PROBLEM DETAILS -> Output nothing but the lines from the one holding "Sada s oversize blúzkou ružová neónová" to the end of the listing. Reproduce them exactly, without the pictures.
== Segment start ==
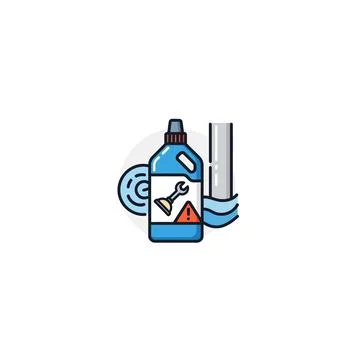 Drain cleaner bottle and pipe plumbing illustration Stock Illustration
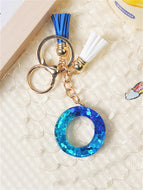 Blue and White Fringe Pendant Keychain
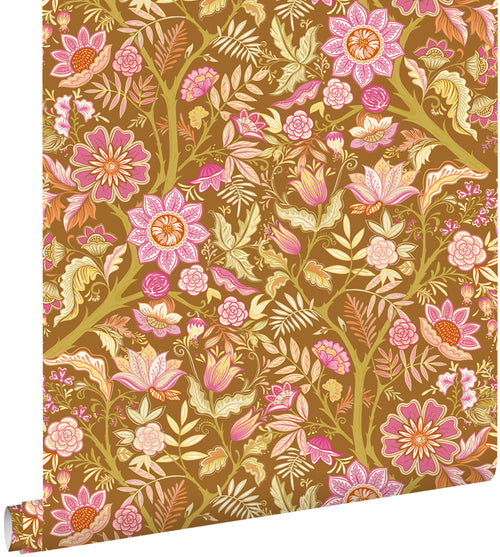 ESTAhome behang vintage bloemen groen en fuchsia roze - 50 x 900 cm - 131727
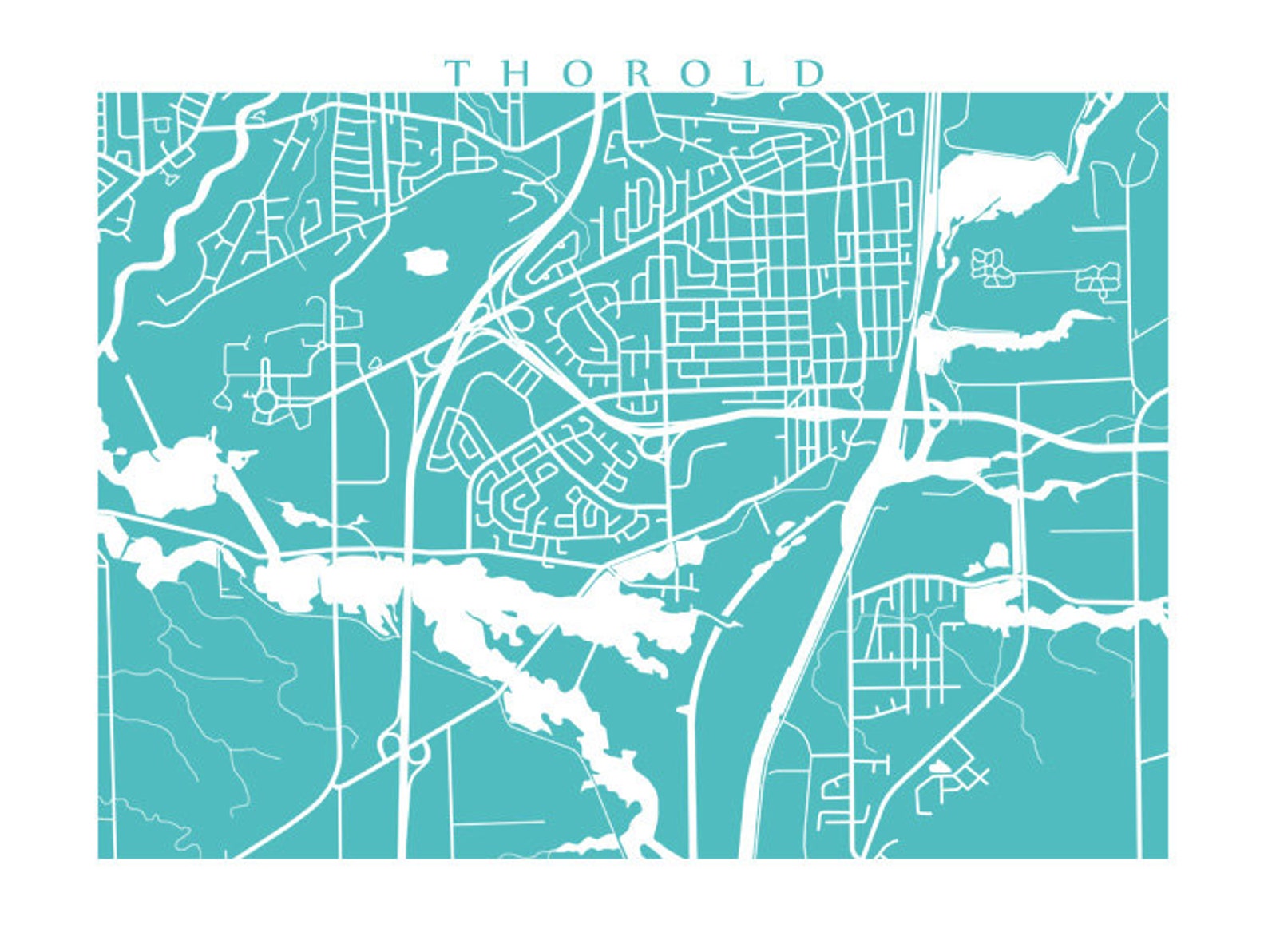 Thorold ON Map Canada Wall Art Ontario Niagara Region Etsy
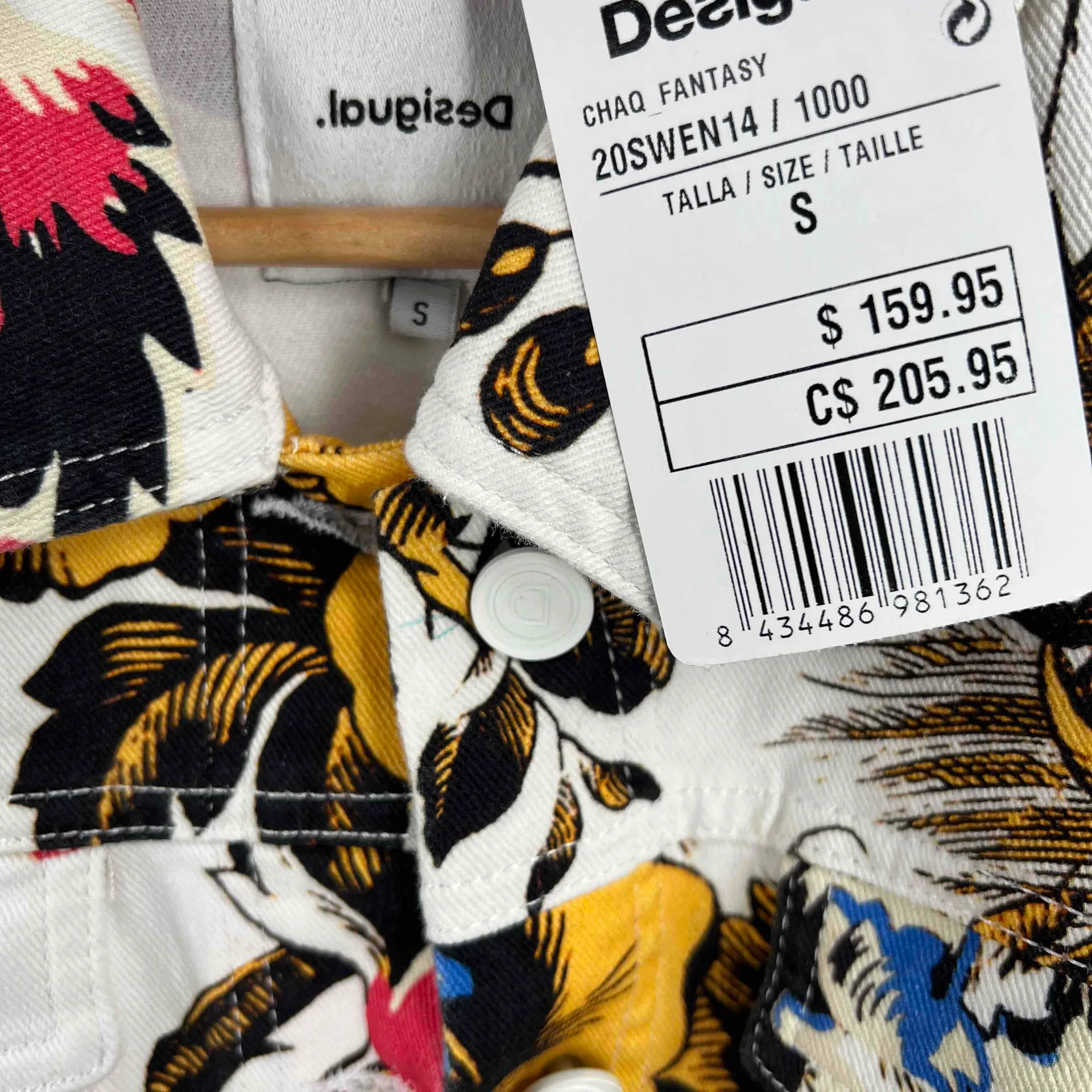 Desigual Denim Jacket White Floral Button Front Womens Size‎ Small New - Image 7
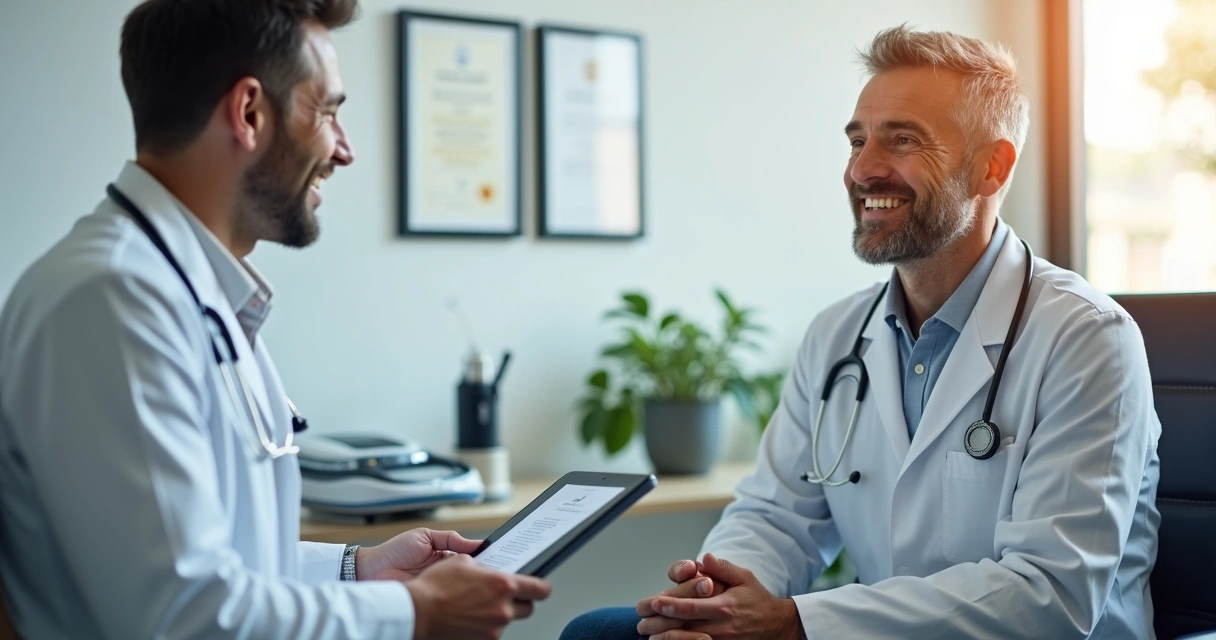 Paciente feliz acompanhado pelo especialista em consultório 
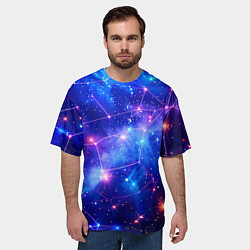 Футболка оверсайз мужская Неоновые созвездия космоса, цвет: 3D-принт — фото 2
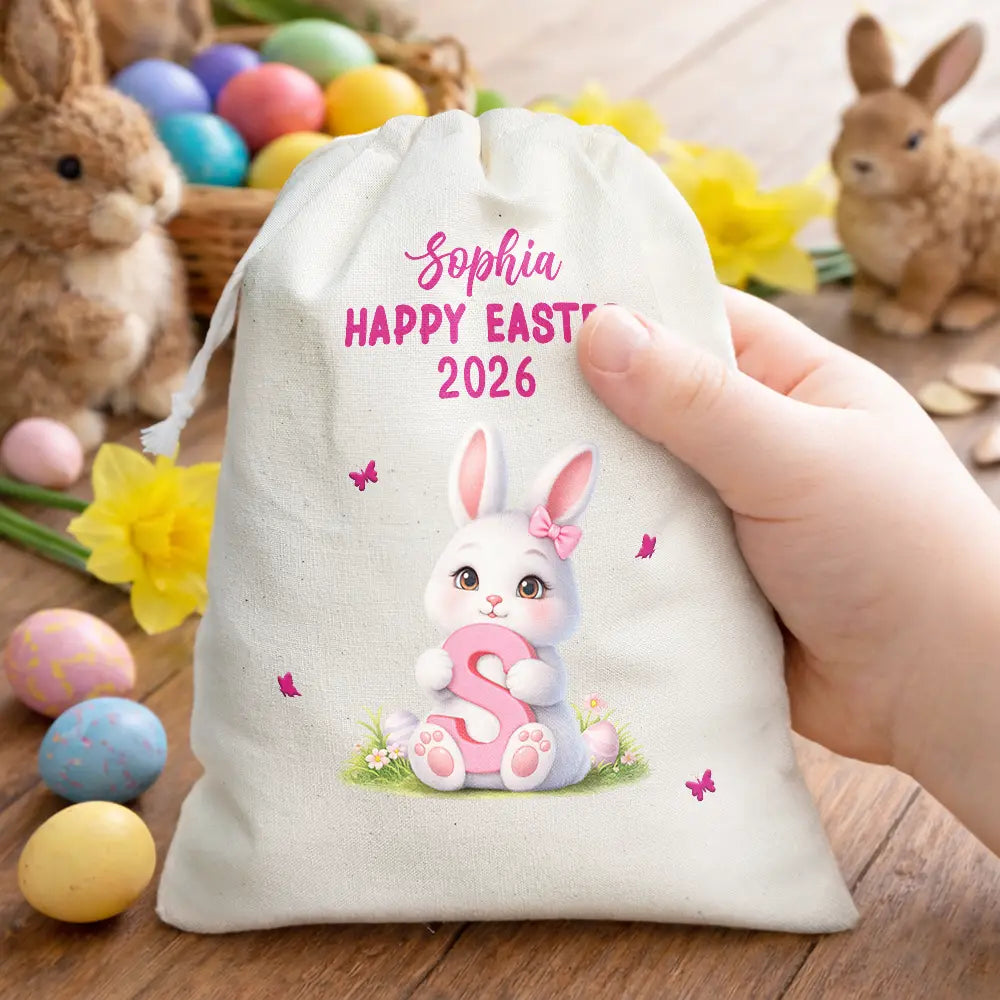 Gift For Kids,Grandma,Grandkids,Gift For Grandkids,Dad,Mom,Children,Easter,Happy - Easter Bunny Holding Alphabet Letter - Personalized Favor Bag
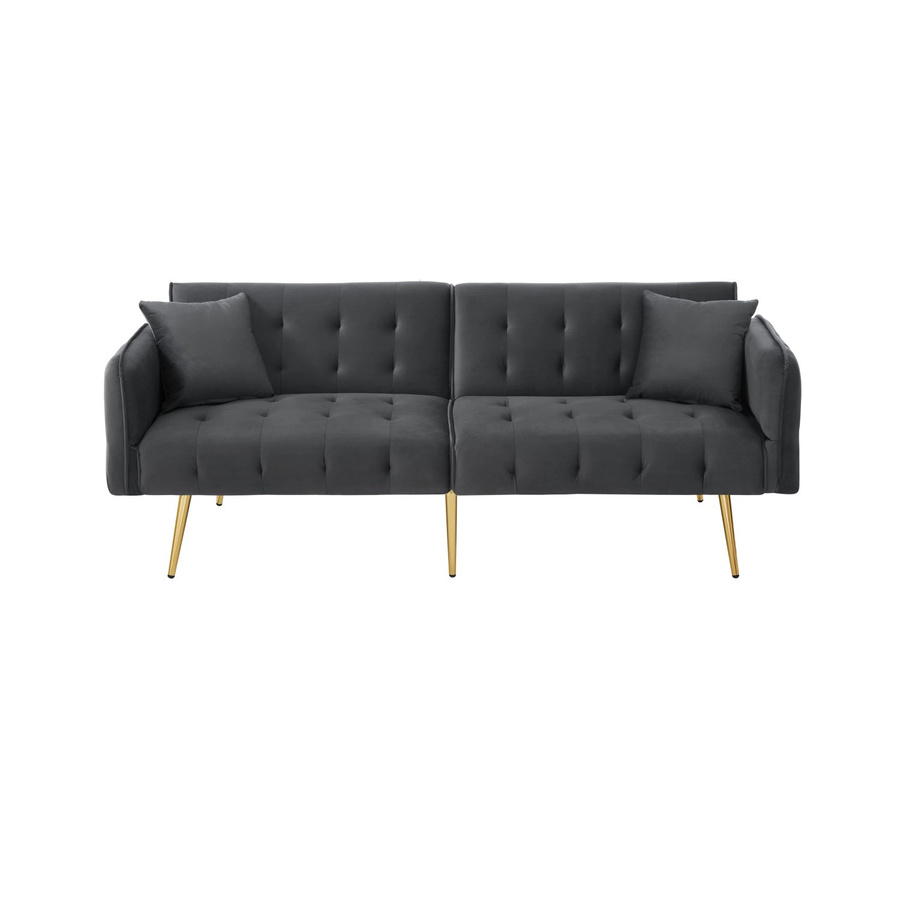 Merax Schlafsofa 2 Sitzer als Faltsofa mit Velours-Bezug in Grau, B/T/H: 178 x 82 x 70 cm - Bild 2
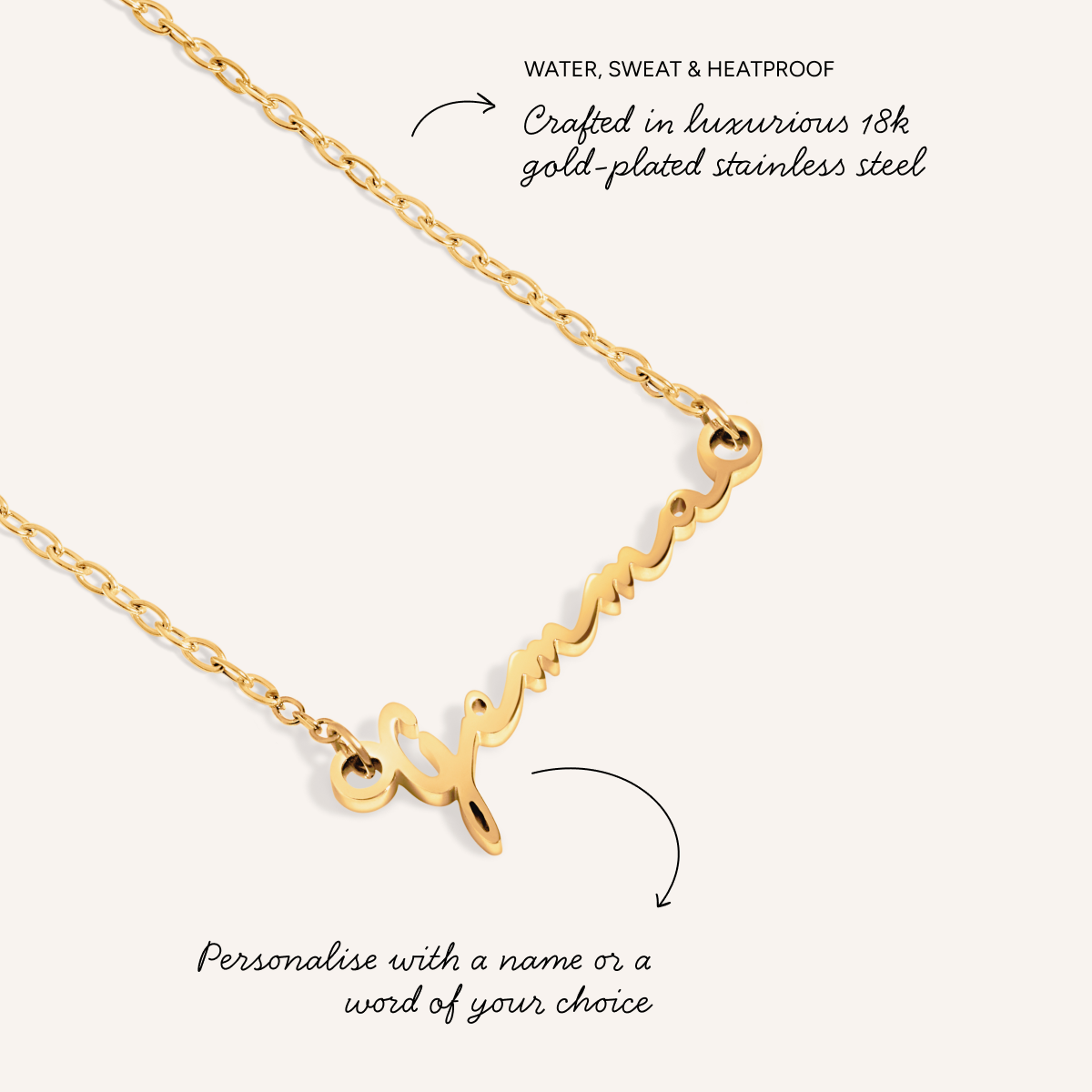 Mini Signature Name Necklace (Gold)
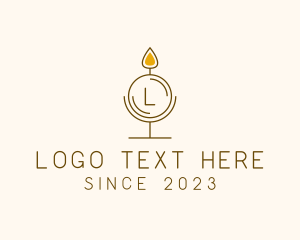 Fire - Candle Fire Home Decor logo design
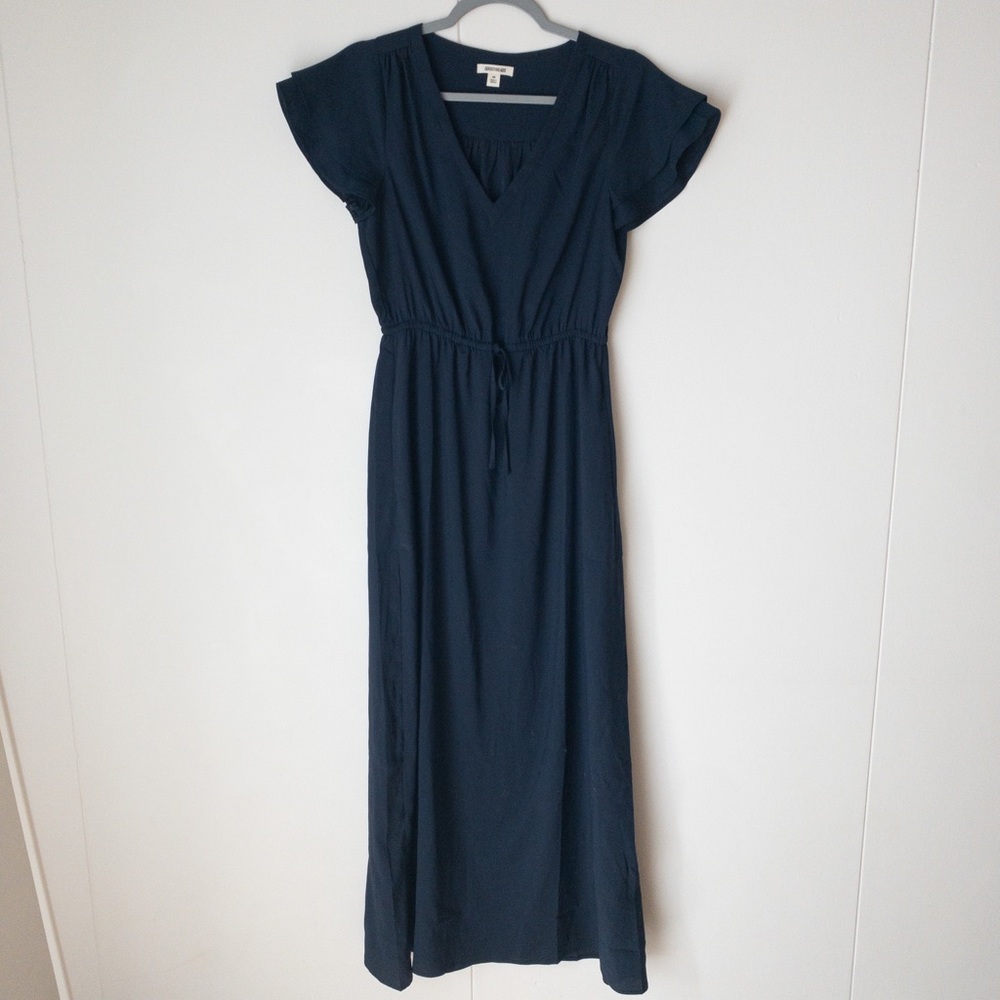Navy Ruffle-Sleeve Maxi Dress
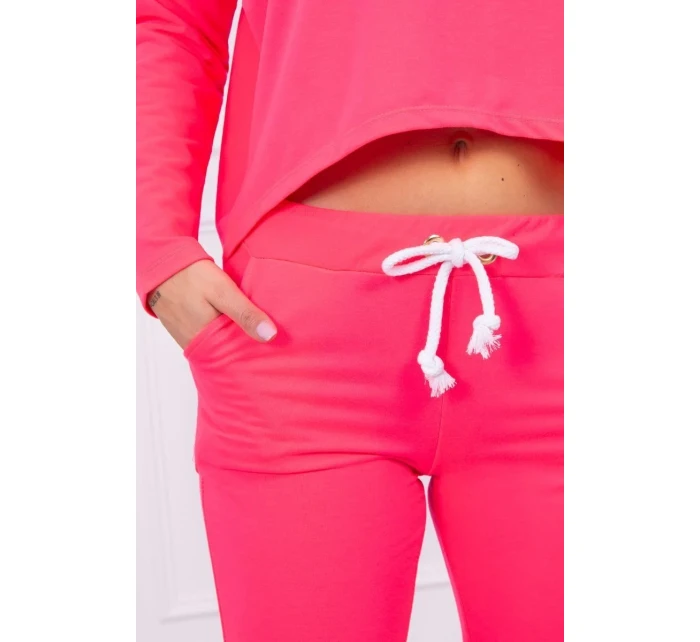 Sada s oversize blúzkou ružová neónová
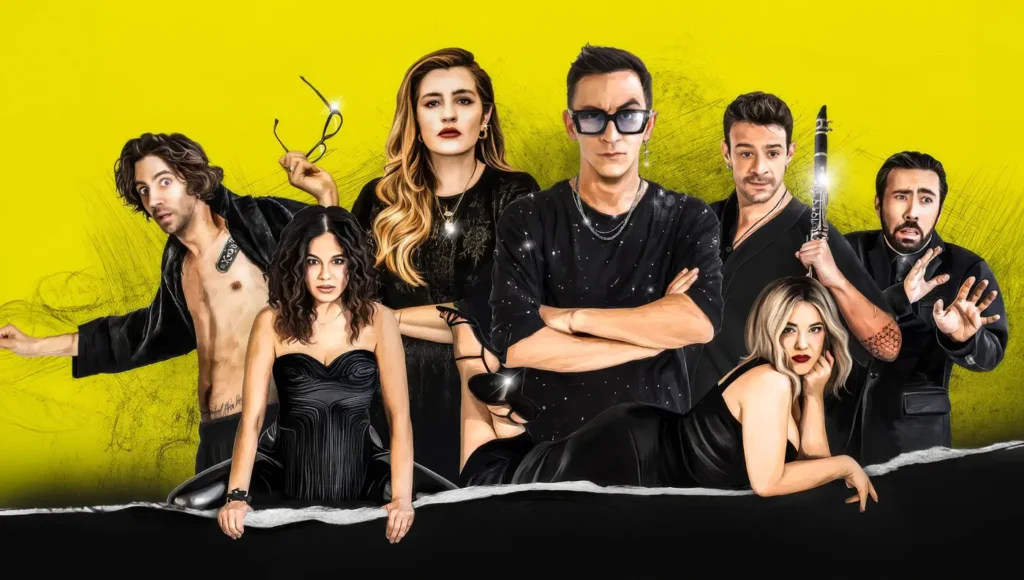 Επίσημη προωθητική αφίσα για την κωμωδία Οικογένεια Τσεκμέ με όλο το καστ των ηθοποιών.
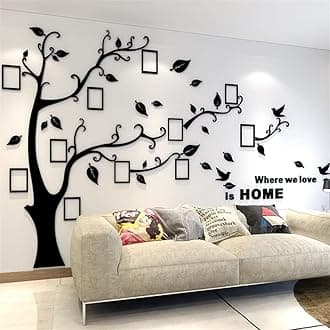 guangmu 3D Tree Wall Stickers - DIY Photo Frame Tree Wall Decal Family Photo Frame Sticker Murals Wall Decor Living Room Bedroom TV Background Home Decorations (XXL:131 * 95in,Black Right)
== Segment end ==
EXERCISE RESULT ->
 Sada s oversize blúzkou ružová neónová
 Επίσημη προωθητική αφίσα για την κωμωδία Οικογένεια Τσεκμέ με όλο το καστ των ηθοποιών.
 guangmu 3D Tree Wall Stickers - DIY Photo Frame Tree Wall Decal Family Photo Frame Sticker Murals Wall Decor Living Room Bedroom TV Background Home Decorations (XXL:131 * 95in,Black Right)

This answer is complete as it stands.